Sementara itu, dari keterangan pers yang digelar di Lahad Datu, Minggu (10/7) siang, diungkapkan bahwa tiga WNI yang diculik tersebut sedang melakukan aktivitas menangkap ikan pada pukul 23.40 malam. Pesuruhjaya Polis Sabah, Datuk Abdul Rashid Harun mengatakan, para korban yang merupakan warga Indonesia ini bekerja di sebuah kapal pukat tunda milik sebuah perusahaan Malaysia.

“Suspect (pelaku) bersenjatakan senapan M16 dan M14 naik ke atas kapal dan menggeledah serta mengambil semua telepon serta beberapa dokumen termasuk paspor,” terang Abdul Rashid.

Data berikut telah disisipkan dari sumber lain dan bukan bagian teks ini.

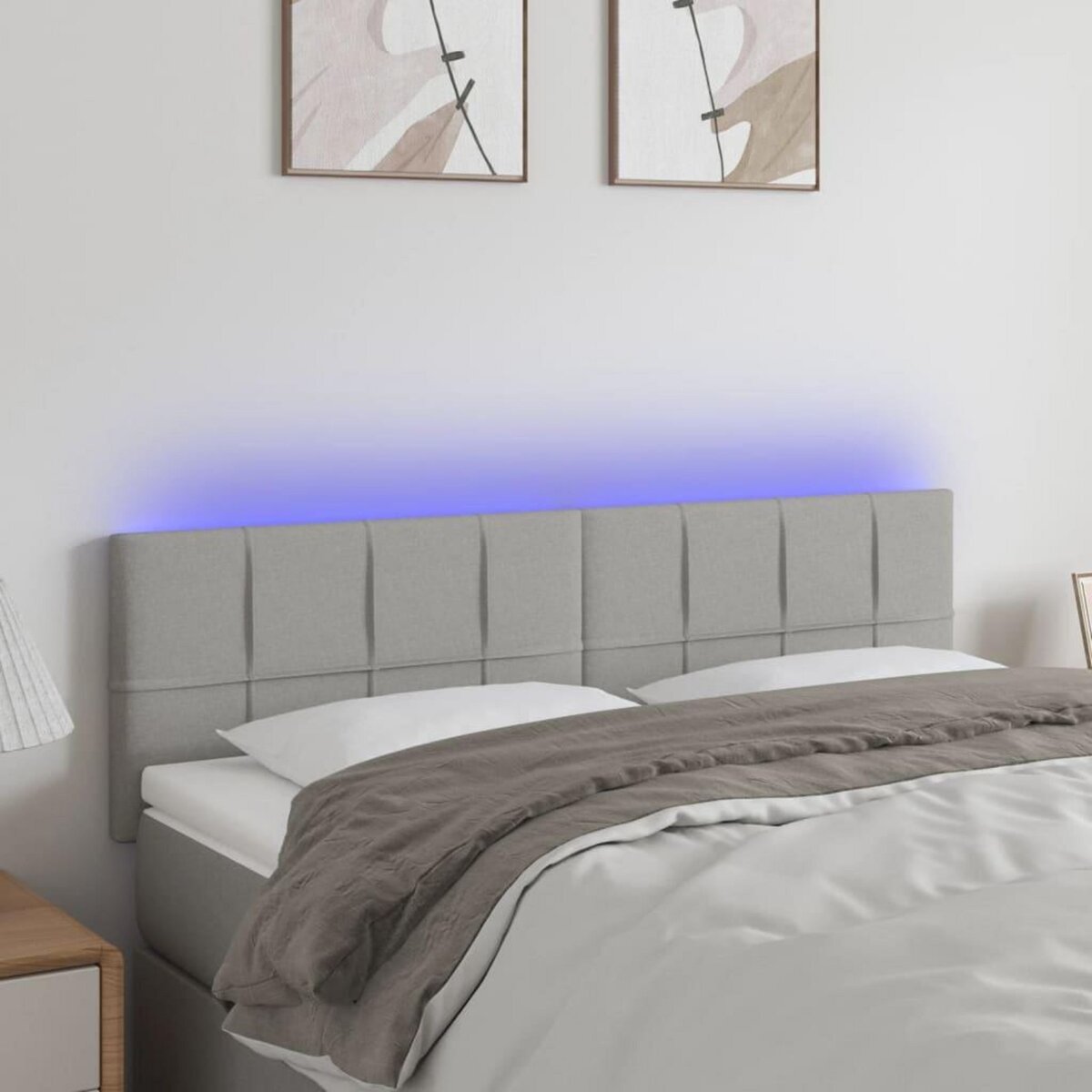VIDAXL Tete de lit a LED Gris clair 144x5x78/88 cm Tissu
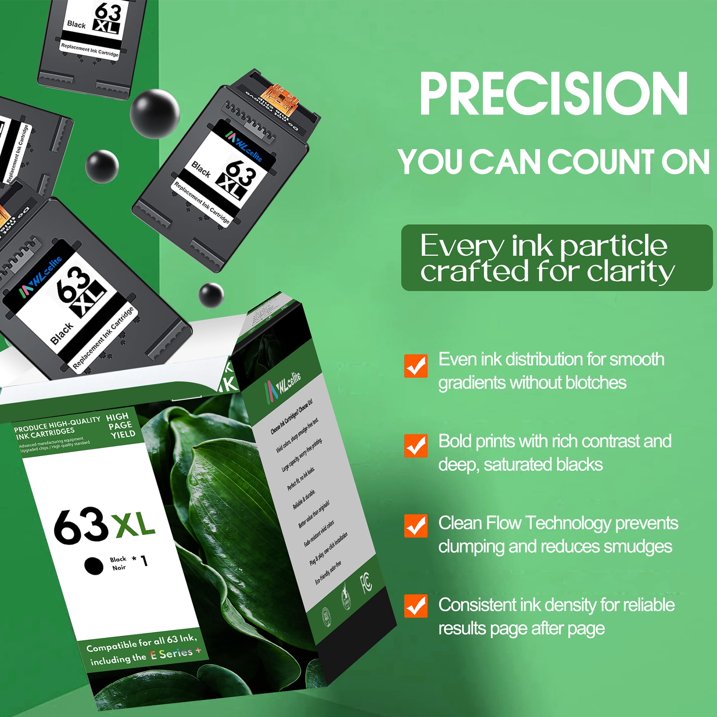 63 XL 63 Ink Cartridge Compatible for 63XL Black Ink Cartridges for OfficeJet 5255 3830 Envy 4520 Printer（1 Pack）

Dia memastikan, selama peristiwa penculikan terjadi tidak ada tindak kekerasan yang dilakukan kelompok bersenjata. Dan hingga malam tadi, pihak Malaysia belum menerima telepon kelompok mana yang bertanggung jawab atas penculikan tersebut. Mereka juga belum menerima ada permintaan uang tebusan dari pelaku, sehingga pihak Malaysia belum berani berspekulasi.